• **Record set**:
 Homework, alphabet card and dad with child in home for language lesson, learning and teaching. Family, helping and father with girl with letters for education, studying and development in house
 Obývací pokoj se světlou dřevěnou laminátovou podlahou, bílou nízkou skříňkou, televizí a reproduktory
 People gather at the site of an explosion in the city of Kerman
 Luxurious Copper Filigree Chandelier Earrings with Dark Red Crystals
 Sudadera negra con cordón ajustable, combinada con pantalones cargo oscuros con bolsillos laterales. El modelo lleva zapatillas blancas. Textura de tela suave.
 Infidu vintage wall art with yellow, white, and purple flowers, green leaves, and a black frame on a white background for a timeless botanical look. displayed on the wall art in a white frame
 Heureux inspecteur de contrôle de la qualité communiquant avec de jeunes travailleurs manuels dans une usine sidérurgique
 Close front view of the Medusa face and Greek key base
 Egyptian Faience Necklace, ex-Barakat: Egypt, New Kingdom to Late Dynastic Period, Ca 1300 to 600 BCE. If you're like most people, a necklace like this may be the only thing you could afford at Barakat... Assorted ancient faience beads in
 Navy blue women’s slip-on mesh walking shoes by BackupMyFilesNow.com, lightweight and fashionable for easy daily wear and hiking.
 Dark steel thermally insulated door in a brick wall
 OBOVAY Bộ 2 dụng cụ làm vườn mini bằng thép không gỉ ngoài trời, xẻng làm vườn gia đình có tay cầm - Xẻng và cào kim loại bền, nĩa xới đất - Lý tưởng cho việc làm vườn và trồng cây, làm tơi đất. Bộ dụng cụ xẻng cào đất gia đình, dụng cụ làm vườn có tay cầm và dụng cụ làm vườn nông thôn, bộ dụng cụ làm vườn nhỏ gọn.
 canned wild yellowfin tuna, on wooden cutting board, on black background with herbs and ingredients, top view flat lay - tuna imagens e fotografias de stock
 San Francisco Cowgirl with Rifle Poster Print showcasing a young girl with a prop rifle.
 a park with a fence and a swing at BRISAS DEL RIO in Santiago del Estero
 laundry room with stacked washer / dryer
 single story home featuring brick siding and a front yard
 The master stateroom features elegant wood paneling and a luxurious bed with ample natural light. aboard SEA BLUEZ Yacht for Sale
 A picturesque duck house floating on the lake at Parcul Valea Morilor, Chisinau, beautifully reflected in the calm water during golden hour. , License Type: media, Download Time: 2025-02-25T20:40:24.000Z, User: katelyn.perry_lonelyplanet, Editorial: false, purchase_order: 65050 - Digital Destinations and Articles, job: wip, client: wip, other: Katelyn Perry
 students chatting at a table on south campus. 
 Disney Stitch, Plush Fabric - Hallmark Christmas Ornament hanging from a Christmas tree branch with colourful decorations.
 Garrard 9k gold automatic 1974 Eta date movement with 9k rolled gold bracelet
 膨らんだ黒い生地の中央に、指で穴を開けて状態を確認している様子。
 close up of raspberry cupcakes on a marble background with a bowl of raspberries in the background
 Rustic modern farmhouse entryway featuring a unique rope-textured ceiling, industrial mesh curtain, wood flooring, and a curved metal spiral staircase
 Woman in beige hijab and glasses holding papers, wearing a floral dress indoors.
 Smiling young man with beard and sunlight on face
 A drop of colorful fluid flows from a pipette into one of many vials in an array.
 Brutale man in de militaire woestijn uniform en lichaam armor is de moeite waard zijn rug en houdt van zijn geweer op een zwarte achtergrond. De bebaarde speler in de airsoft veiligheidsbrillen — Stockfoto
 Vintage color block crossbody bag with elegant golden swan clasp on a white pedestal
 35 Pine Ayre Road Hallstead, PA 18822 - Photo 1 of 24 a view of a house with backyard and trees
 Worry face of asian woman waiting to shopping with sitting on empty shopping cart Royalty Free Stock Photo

• **Task directions**: Each record above is to be reproduced word for word.

• **Response for this exercise**:
 Homework, alphabet card and dad with child in home for language lesson, learning and teaching. Family, helping and father with girl with letters for education, studying and development in house
 Obývací pokoj se světlou dřevěnou laminátovou podlahou, bílou nízkou skříňkou, televizí a reproduktory
 People gather at the site of an explosion in the city of Kerman
 Luxurious Copper Filigree Chandelier Earrings with Dark Red Crystals
 Sudadera negra con cordón ajustable, combinada con pantalones cargo oscuros con bolsillos laterales. El modelo lleva zapatillas blancas. Textura de tela suave.
 Infidu vintage wall art with yellow, white, and purple flowers, green leaves, and a black frame on a white background for a timeless botanical look. displayed on the wall art in a white frame
 Heureux inspecteur de contrôle de la qualité communiquant avec de jeunes travailleurs manuels dans une usine sidérurgique
 Close front view of the Medusa face and Greek key base
 Egyptian Faience Necklace, ex-Barakat: Egypt, New Kingdom to Late Dynastic Period, Ca 1300 to 600 BCE. If you're like most people, a necklace like this may be the only thing you could afford at Barakat... Assorted ancient faience beads in
 Navy blue women’s slip-on mesh walking shoes by BackupMyFilesNow.com, lightweight and fashionable for easy daily wear and hiking.
 Dark steel thermally insulated door in a brick wall
 OBOVAY Bộ 2 dụng cụ làm vườn mini bằng thép không gỉ ngoài trời, xẻng làm vườn gia đình có tay cầm - Xẻng và cào kim loại bền, nĩa xới đất - Lý tưởng cho việc làm vườn và trồng cây, làm tơi đất. Bộ dụng cụ xẻng cào đất gia đình, dụng cụ làm vườn có tay cầm và dụng cụ làm vườn nông thôn, bộ dụng cụ làm vườn nhỏ gọn.
 canned wild yellowfin tuna, on wooden cutting board, on black background with herbs and ingredients, top view flat lay - tuna imagens e fotografias de stock
 San Francisco Cowgirl with Rifle Poster Print showcasing a young girl with a prop rifle.
 a park with a fence and a swing at BRISAS DEL RIO in Santiago del Estero
 laundry room with stacked washer / dryer
 single story home featuring brick siding and a front yard
 The master stateroom features elegant wood paneling and a luxurious bed with ample natural light. aboard SEA BLUEZ Yacht for Sale
 A picturesque duck house floating on the lake at Parcul Valea Morilor, Chisinau, beautifully reflected in the calm water during golden hour. , License Type: media, Download Time: 2025-02-25T20:40:24.000Z, User: katelyn.perry_lonelyplanet, Editorial: false, purchase_order: 65050 - Digital Destinations and Articles, job: wip, client: wip, other: Katelyn Perry
 students chatting at a table on south campus. 
 Disney Stitch, Plush Fabric - Hallmark Christmas Ornament hanging from a Christmas tree branch with colourful decorations.
 Garrard 9k gold automatic 1974 Eta date movement with 9k rolled gold bracelet
 膨らんだ黒い生地の中央に、指で穴を開けて状態を確認している様子。
 close up of raspberry cupcakes on a marble background with a bowl of raspberries in the background
 Rustic modern farmhouse entryway featuring a unique rope-textured ceiling, industrial mesh curtain, wood flooring, and a curved metal spiral staircase
 Woman in beige hijab and glasses holding papers, wearing a floral dress indoors.
 Smiling young man with beard and sunlight on face
 A drop of colorful fluid flows from a pipette into one of many vials in an array.
 Brutale man in de militaire woestijn uniform en lichaam armor is de moeite waard zijn rug en houdt van zijn geweer op een zwarte achtergrond. De bebaarde speler in de airsoft veiligheidsbrillen — Stockfoto
 Vintage color block crossbody bag with elegant golden swan clasp on a white pedestal
 35 Pine Ayre Road Hallstead, PA 18822 - Photo 1 of 24 a view of a house with backyard and trees
 Worry face of asian woman waiting to shopping with sitting on empty shopping cart Royalty Free Stock Photo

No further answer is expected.